ACTIVITY:
Without the pictures, set down everything in the listing exactly.

DATA EXTRACT:
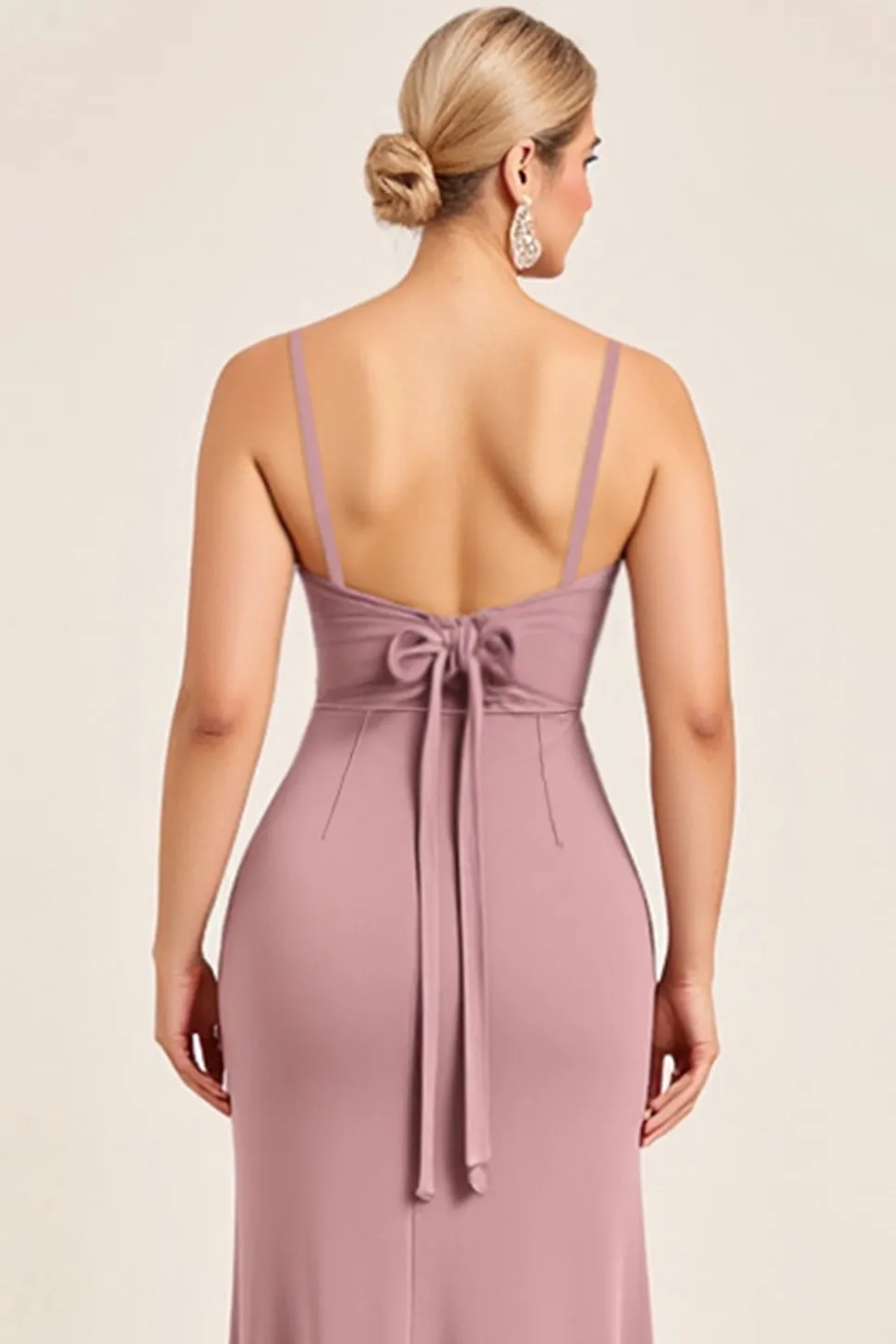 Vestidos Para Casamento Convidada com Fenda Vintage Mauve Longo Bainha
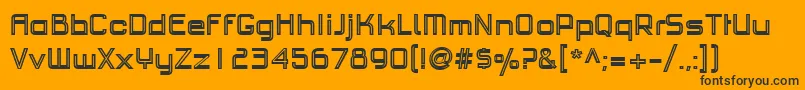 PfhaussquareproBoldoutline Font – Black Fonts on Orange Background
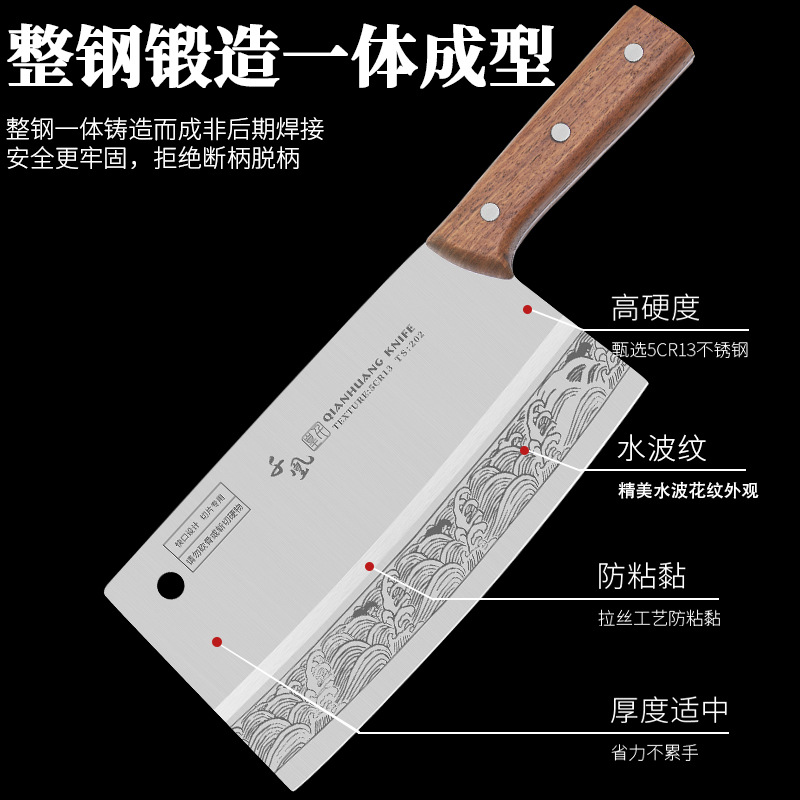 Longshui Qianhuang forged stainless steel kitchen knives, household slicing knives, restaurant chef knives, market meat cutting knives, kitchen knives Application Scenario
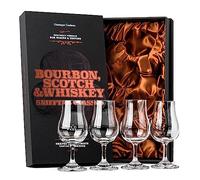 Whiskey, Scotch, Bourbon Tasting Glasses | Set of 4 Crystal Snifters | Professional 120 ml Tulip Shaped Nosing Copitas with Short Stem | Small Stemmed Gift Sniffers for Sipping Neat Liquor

WRITTEN RESPONSE:
 Vestidos Para Casamento Convidada com Fenda Vintage Mauve Longo Bainha
 PfhaussquareproBoldoutline Font – Black Fonts on Orange Background
 Longshui Qianhuang forged stainless steel kitchen knives, household slicing knives, restaurant chef knives, market meat cutting knives, kitchen knives Application Scenario
 Whiskey, Scotch, Bourbon Tasting Glasses | Set of 4 Crystal Snifters | Professional 120 ml Tulip Shaped Nosing Copitas with Short Stem | Small Stemmed Gift Sniffers for Sipping Neat Liquor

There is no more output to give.